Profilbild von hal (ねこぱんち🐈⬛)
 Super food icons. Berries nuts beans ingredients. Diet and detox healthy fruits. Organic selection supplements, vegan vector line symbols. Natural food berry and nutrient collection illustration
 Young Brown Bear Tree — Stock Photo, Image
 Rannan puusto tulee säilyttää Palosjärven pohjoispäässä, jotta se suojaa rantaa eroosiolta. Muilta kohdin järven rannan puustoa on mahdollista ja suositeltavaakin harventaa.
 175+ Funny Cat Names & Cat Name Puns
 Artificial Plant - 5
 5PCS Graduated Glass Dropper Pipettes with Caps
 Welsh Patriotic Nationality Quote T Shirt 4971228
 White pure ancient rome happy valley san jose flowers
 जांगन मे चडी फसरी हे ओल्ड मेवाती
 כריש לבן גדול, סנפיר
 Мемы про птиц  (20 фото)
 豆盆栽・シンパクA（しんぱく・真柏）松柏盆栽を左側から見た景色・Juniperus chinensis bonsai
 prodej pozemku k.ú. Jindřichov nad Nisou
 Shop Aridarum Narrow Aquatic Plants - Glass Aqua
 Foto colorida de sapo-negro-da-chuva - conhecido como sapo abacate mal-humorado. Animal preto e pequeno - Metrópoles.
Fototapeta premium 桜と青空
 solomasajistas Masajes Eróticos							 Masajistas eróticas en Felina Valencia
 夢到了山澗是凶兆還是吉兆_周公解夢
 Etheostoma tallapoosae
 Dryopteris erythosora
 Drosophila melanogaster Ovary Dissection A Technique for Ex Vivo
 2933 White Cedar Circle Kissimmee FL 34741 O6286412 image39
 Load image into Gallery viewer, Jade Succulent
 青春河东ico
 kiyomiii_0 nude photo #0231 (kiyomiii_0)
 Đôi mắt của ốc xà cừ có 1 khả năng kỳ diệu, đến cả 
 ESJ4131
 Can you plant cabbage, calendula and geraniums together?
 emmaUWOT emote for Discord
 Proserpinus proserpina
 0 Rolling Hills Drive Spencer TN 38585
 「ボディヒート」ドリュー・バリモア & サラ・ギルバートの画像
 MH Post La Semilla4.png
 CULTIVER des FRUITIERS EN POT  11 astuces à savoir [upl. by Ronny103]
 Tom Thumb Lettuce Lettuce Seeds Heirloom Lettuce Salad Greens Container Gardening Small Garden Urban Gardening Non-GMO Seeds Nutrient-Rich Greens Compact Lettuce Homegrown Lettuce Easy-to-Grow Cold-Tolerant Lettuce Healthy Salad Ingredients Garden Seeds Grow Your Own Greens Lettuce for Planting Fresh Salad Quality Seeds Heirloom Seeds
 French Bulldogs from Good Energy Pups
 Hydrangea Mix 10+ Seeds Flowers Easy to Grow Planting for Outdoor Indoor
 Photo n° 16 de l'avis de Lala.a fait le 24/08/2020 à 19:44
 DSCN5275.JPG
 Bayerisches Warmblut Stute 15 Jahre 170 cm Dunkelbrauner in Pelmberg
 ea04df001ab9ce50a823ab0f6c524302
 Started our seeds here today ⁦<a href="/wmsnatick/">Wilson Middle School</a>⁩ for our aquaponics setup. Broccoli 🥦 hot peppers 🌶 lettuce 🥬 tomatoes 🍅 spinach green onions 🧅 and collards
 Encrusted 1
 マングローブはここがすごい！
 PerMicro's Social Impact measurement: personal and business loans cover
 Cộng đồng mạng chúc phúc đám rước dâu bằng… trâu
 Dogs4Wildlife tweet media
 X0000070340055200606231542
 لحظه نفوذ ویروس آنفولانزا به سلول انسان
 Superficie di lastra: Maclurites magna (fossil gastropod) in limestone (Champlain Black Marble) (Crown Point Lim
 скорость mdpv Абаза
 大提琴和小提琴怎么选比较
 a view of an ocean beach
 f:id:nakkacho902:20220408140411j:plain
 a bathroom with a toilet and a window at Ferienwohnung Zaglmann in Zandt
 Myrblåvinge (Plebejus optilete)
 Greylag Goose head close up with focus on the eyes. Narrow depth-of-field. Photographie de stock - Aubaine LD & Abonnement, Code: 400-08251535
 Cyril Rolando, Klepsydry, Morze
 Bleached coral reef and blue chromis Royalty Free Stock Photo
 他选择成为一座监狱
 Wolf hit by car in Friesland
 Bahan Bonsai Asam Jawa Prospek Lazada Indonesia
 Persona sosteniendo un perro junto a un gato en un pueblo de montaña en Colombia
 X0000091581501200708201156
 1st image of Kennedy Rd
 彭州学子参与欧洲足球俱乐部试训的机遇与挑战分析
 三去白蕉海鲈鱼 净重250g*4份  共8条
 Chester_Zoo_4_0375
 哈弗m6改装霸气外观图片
==*==
## TASK STATEMENT
Reproduce the listing word for word from its first line up to and including the line with "Dryopteris erythosora". Give no other lines.

## SOLUTION
Profilbild von hal (ねこぱんち🐈⬛)
 Super food icons. Berries nuts beans ingredients. Diet and detox healthy fruits. Organic selection supplements, vegan vector line symbols. Natural food berry and nutrient collection illustration
 Young Brown Bear Tree — Stock Photo, Image
 Rannan puusto tulee säilyttää Palosjärven pohjoispäässä, jotta se suojaa rantaa eroosiolta. Muilta kohdin järven rannan puustoa on mahdollista ja suositeltavaakin harventaa.
 175+ Funny Cat Names & Cat Name Puns
 Artificial Plant - 5
 5PCS Graduated Glass Dropper Pipettes with Caps
 Welsh Patriotic Nationality Quote T Shirt 4971228
 White pure ancient rome happy valley san jose flowers
 जांगन मे चडी फसरी हे ओल्ड मेवाती
 כריש לבן גדול, סנפיר
 Мемы про птиц  (20 фото)
 豆盆栽・シンパクA（しんぱく・真柏）松柏盆栽を左側から見た景色・Juniperus chinensis bonsai
 prodej pozemku k.ú. Jindřichov nad Nisou
 Shop Aridarum Narrow Aquatic Plants - Glass Aqua
 Foto colorida de sapo-negro-da-chuva - conhecido como sapo abacate mal-humorado. Animal preto e pequeno - Metrópoles.
Fototapeta premium 桜と青空
 solomasajistas Masajes Eróticos							 Masajistas eróticas en Felina Valencia
 夢到了山澗是凶兆還是吉兆_周公解夢
 Etheostoma tallapoosae
 Dryopteris erythosora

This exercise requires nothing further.